Edinburgh Art Festival flags up Hello greeting
A project designed to urge Edinburgh's institutions to replace their usual flags with one saying "Hello" has been commissioned for the Edinburgh Art Festival.
The festival, now in its 10th year, is under way - the day before the official opening of the huge Edinburgh Fringe.
The International Festival and the Book Festival start in just over a week.
Artist Peter Liversidge's work will see 50 flagpoles welcoming visitors at the busiest time of year for the city.
His "Flags for Edinburgh" project will see about 50 locations swapping their flags for Liversidge's "hello" message.
The flagpoles bearing the message range from city council buildings to the National Galleries of Scotland, as well as the Royal Bank of Scotland HQ.
The Assembly Rooms on George Street and the historic Canongate Kirk also greet visitors with Liversidge's message but Edinburgh's three biggest landmarks have decided against joining in.

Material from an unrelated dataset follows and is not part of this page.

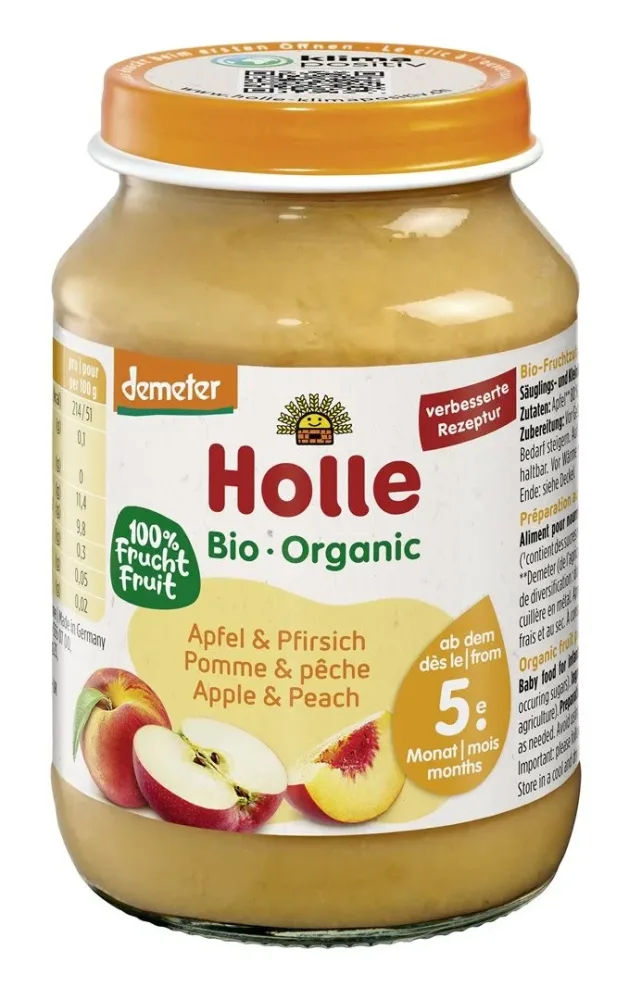 Holle Apfel & Pfirsich (190g)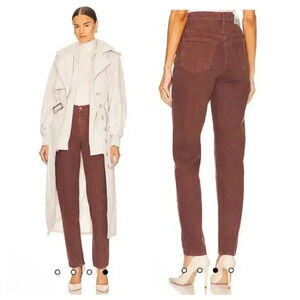 NWT Mother Snacks High Waist Twizzy Skimp French Roast size 25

Edinburgh Castle, the Palace of Holyroodhouse and the Scottish Parliament building will not take part in the artist's scheme.
The flag project is one of 10 newly-commissioned art works for the month-long festival, which will also be hosting 50 exhibitions in 30 galleries, museums and pop-up venues around the city.
Other works commissioned for the festival include a new installation by Turner-prize nominated Christine Borland and American artist Brody Condon.
For their work, Daughters of Decayed Tradesmen at the New Carlton Burial Ground on Calton Hill, Scottish artist Borland and New York-based Condon have refurbished a derelict watchtower in the graveyard, which was used in the early 19th century to deter grave robbers.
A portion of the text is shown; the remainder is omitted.